Мой первый поцелуй она разорвала, размазала его по воздуху, по всему закатному небу, там, на склоне Тифат[126], и он остался в моей памяти как огромный лепесток розы, благоухающий ее кампанскими ароматами, сияющий голубизной ее глаз и золотистым сиянием ее волос. Ее первый поцелуй, разорванный поцелуй, остался в памяти моей как чарующая пощечина, как нащечник гладиаторского шлема кампанского же типа. Ее второй поцелуй, совершившийся целую жизнь спустя — через целых четыре дня, был радостной игрой. Я хотел выпить ее, хотел вобрать ее всю, как чашу воды после перехода через Ливийскую пустыню, как хлеб нового урожая после Элевсинского воздержания. А она, смеясь, сказала, что я жадный, и что я вообще не умею целовать. Оказывается, нужно было попросту не касаться ее рта языком! Помнишь уроки Сульпиции, Луций? Помнишь самый восхитительный кусочек упражнения, подготавливающего к постельной борьбе, — долгий медовый поцелуй с прикосновением нежного языка[127]? Эта девочка учила меня целоваться одними губами — в этом особая кампанская легкость. Она учила меня поцелуям, словно она, а не я старше вдвое. Благословенная пора «второго цветения»: розам, сорванным в эту пору, дано хранить свой аромат настоянным на времени[128].
Когда я держал в объятиях ее тело, мне в какое-то мгновение стало страшно от мысли, что если, действительно, придется ласкать ее, она моих ласк может не выдержать. Но страх этот был мимолетным: я снова чувствовал себя вечно-юным богом или одним из тех нежных юношей, которых любовная игра превращает в птицу, в зверя, в источник или в цветок, как о том любят писать александрийские поэты. Когда она учила меня, как следует держать губы при поцелуе, я забыл, что я — римлянин, и что и в любви нашей сокрыта суровая красота.
Все здесь, на юге Италии, начиная с Кампании и дальше, играют в любовь и смерть.

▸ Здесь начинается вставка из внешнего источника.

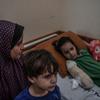 Une mère prend soin de son fils et de sa fille blessés lors d'une frappe aérienne dans la ville de Gaza.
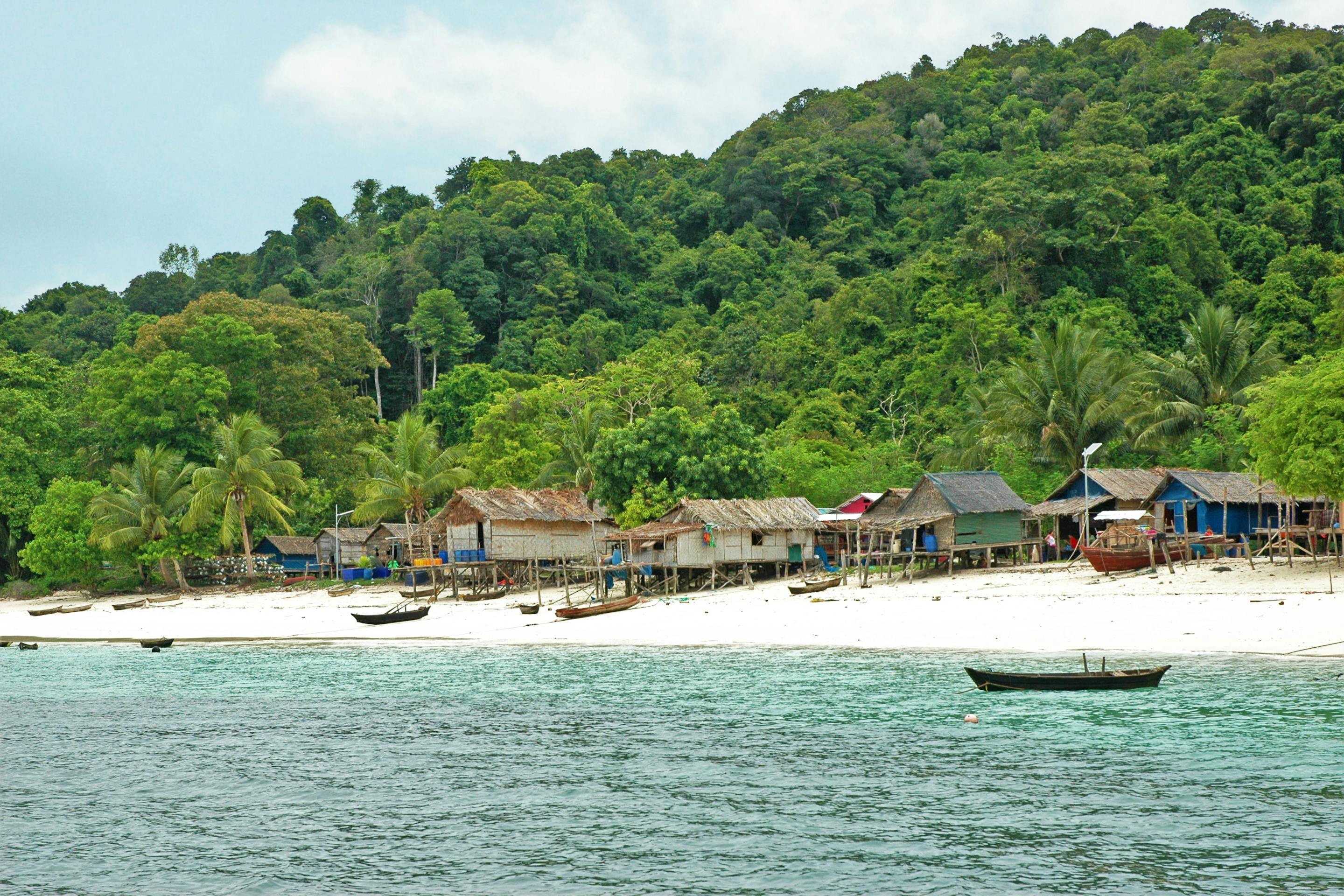 Small seaside village lines a white-sand beach, with jungle hills behind and shallow turquoise water under soft daylight.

Потому здесь так любят гладиаторские бои и искусных блудниц. Гладиаторов здесь четырнадцать разновидностей, у нас в Риме — девять (включая те три, которые ввел недавно Цезарь после возвращения из Вифинии), в Этрурии — семь (по крайней мере, со времен Тарквиния Древнего), у Антиоха Сирийского[129] их было восемь (все, за исключением опять-таки исконно этрусских разновидностей, бездарные греческие извращения). Итак, из четырнадцати видов здешних гладиаторов, три — сугубо кампанские, и все три великолепные с точки зрения фехтовального искусства — скутарии (которых мы, переделали после Марсийской войны в «самнитов»), димахеры и ксифарии[130], чем-то напоминающие наших римских «фракийцев», хотя ксифарии появились в Кампании прежде, чем у нас, независимо от кампанцев, появились «фракийцы». Естественно, возникает вопрос: не возникли ли ксифарии и фракийцы, как мы зачастую выражаемся, «из общего источника»? Если это так, то таковым источником, думаю, могли быть гладиаторы, заимствованные из провинции Азия, то есть с территории бывшего Пергамского царства, где фракийцы, как правило, служили наемниками. Кстати, там же могла возникнуть и разновидность «галлы». Интересно было бы посмотреть исследования по военному искусству, написанные пергамскими учеными (вышли при случае). Во всяком случае, наша традиционная пара «фракиец» против «галла» чем-то напоминает о деяниях Эвмена[131], когда пленные галлы появились во множестве и в Пергаме, и в гладиаторских школах Антиохии.